• Problem to solve:
Pull out every line below that contains the word "Geometric".
(Dataset excerpts)
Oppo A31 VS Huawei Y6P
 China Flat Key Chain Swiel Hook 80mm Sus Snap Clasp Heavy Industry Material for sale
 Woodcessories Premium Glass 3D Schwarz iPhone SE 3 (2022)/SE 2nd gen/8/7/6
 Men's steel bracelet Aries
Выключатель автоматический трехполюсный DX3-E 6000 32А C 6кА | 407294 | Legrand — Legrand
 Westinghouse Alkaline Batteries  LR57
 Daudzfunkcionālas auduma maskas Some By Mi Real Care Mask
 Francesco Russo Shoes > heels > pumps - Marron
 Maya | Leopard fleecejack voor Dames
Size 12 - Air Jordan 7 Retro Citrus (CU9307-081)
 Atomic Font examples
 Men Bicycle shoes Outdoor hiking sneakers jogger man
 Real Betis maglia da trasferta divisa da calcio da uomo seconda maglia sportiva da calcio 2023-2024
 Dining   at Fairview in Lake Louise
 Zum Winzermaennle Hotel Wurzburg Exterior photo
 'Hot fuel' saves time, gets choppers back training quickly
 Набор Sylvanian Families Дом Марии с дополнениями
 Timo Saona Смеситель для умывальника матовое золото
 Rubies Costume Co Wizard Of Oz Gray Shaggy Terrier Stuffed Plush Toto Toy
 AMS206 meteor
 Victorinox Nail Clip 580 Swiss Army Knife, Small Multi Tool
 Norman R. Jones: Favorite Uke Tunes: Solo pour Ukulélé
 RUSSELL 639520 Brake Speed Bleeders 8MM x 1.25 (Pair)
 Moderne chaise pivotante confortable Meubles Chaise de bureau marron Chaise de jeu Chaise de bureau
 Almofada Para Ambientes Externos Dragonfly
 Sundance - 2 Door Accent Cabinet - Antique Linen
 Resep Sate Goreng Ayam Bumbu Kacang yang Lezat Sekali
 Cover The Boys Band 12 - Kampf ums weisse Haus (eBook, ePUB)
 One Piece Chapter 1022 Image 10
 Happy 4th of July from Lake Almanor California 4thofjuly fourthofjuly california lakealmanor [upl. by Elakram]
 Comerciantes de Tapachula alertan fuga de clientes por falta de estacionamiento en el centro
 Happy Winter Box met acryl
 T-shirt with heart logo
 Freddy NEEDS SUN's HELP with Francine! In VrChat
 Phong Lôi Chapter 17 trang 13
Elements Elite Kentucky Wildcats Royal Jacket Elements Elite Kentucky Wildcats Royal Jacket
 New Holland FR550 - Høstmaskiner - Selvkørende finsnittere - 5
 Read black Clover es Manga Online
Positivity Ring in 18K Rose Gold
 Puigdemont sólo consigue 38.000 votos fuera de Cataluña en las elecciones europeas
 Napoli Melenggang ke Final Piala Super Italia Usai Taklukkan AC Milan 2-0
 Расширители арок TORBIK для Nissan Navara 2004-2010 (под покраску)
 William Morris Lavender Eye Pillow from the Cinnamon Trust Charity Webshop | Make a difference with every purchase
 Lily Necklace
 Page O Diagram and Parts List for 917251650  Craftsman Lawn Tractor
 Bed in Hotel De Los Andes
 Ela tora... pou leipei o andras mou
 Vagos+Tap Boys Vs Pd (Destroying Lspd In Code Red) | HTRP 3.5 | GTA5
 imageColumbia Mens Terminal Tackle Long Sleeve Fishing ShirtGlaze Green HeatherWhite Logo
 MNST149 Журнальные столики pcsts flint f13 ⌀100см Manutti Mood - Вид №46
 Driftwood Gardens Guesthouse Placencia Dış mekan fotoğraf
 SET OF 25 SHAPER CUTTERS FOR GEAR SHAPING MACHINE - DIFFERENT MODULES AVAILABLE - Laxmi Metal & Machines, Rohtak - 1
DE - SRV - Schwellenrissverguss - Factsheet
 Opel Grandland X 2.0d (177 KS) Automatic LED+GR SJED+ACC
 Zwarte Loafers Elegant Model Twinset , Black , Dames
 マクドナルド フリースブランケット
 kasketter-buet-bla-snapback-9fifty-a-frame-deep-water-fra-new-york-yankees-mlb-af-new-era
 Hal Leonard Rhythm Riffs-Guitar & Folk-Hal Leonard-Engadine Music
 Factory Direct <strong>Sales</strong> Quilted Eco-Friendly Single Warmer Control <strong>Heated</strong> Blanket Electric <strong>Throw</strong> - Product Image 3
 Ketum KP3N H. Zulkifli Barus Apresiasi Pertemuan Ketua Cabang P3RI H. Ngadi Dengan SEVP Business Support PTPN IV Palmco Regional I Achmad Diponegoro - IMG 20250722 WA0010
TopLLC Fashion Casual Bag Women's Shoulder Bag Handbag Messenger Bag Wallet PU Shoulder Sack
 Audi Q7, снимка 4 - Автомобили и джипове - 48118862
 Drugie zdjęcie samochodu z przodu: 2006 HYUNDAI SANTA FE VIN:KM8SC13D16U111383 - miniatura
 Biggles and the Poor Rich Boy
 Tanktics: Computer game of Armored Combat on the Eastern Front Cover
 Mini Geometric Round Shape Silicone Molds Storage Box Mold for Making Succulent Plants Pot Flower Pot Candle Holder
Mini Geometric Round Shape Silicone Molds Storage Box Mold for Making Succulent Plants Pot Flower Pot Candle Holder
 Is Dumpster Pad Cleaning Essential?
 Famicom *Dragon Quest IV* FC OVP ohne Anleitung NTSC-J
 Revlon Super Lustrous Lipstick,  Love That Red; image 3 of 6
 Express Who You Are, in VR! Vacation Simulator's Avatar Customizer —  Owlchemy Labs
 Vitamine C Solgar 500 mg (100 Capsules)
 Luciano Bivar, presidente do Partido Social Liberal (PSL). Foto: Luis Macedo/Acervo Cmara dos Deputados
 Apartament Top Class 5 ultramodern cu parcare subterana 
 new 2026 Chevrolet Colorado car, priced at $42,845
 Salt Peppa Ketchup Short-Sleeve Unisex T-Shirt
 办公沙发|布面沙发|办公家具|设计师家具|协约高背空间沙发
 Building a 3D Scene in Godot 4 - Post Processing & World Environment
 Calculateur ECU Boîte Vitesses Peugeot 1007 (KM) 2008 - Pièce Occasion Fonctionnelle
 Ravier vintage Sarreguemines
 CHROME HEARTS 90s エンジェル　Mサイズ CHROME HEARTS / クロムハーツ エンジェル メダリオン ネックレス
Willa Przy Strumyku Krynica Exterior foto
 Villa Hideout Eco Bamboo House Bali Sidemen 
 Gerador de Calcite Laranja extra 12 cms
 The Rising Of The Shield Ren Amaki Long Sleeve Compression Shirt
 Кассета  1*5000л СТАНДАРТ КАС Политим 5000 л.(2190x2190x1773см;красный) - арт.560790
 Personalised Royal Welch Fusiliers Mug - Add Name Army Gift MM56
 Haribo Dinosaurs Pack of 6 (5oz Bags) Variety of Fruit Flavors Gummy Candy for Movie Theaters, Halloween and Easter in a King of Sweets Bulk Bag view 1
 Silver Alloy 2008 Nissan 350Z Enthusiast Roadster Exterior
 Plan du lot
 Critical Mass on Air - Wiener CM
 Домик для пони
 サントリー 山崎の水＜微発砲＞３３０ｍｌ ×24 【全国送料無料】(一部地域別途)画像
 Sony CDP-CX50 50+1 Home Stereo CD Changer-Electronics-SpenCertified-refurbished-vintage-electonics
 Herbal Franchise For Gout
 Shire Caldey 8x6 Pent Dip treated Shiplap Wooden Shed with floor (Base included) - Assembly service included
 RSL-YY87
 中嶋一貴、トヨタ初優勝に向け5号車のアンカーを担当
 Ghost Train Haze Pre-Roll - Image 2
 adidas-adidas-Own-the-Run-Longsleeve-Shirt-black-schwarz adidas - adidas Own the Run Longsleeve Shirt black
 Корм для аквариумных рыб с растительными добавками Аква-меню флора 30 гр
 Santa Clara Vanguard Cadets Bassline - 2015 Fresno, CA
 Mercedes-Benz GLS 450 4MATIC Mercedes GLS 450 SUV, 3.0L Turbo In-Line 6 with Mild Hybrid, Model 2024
(End Dataset excerpts)
• Response box:
 Mini Geometric Round Shape Silicone Molds Storage Box Mold for Making Succulent Plants Pot Flower Pot Candle Holder
Mini Geometric Round Shape Silicone Molds Storage Box Mold for Making Succulent Plants Pot Flower Pot Candle Holder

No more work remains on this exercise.